Extracted data:
——————————

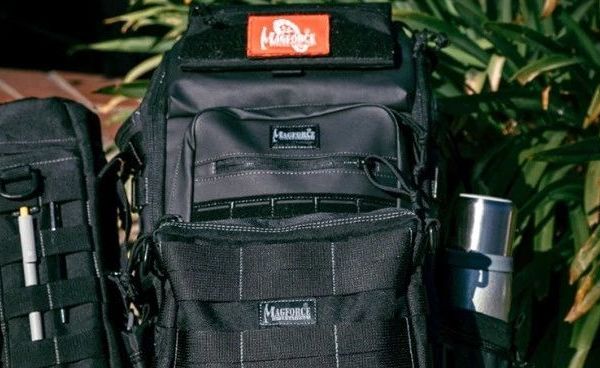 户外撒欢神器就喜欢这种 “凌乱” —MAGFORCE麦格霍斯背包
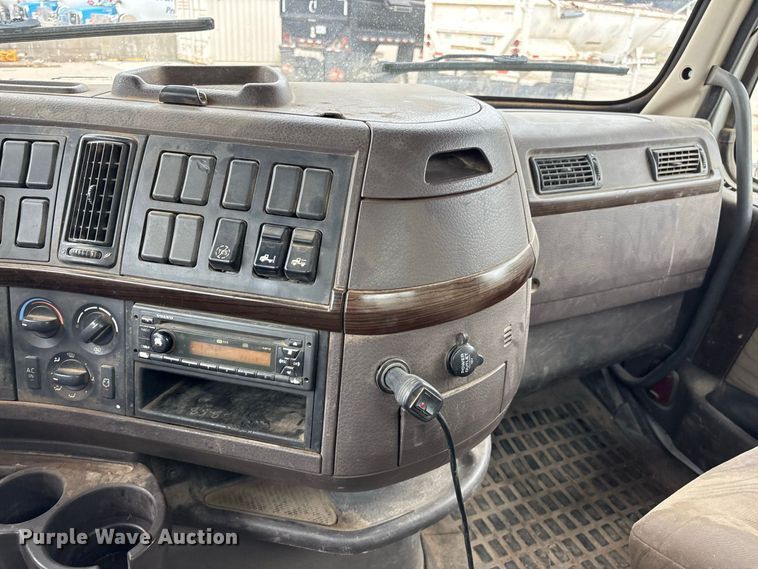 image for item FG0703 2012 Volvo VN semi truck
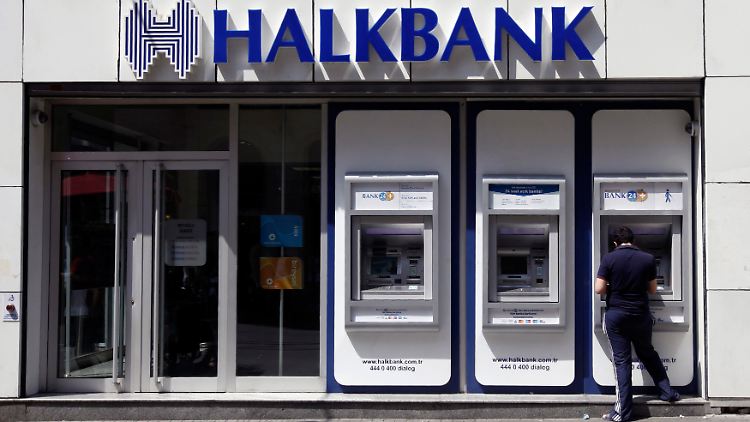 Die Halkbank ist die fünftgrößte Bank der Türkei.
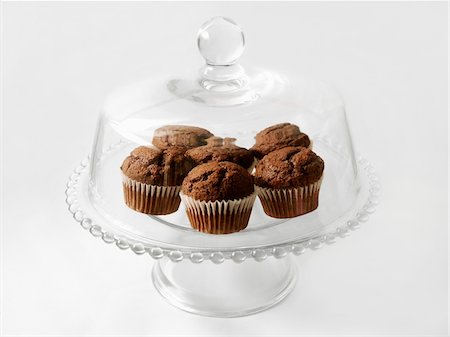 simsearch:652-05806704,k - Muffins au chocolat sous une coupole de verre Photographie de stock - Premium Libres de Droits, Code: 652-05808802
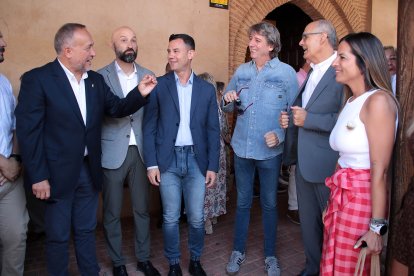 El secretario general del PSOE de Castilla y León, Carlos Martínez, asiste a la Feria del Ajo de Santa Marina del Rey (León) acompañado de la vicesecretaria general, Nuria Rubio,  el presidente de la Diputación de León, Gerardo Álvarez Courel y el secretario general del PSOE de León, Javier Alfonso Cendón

——————————

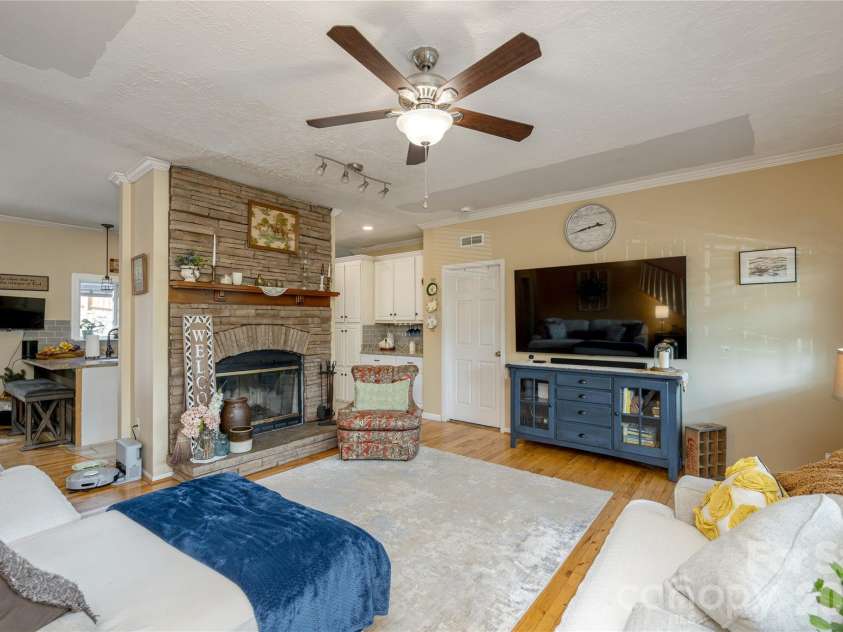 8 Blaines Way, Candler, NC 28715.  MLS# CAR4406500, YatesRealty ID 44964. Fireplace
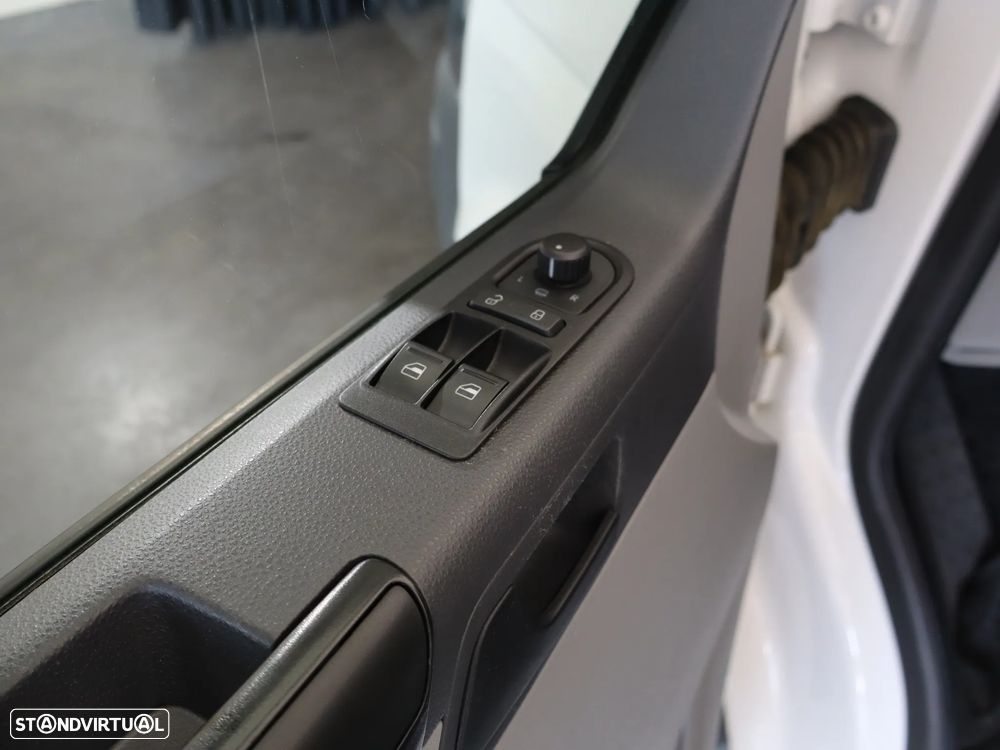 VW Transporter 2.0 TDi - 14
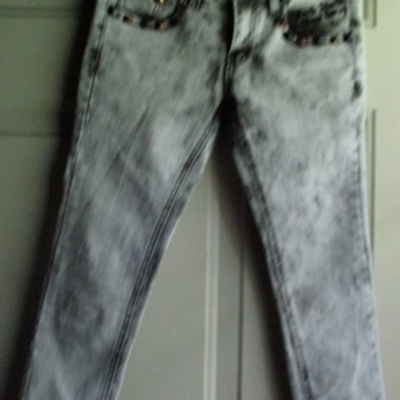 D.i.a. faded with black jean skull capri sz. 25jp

——————————

To do: Using the entries above, reproduce word for word only the lines from the one that contains "image for item" to the one that contains "El secretario general del PSOE de Castilla", both ends included, and drop every picture.

Answer section:
 image for item FG0703 2012 Volvo VN semi truck
 Die Halkbank ist die fünftgrößte Bank der Türkei.
 simsearch:652-05806704,k - Muffins au chocolat sous une coupole de verre Photographie de stock - Premium Libres de Droits, Code: 652-05808802
 El secretario general del PSOE de Castilla y León, Carlos Martínez, asiste a la Feria del Ajo de Santa Marina del Rey (León) acompañado de la vicesecretaria general, Nuria Rubio,  el presidente de la Diputación de León, Gerardo Álvarez Courel y el secretario general del PSOE de León, Javier Alfonso Cendón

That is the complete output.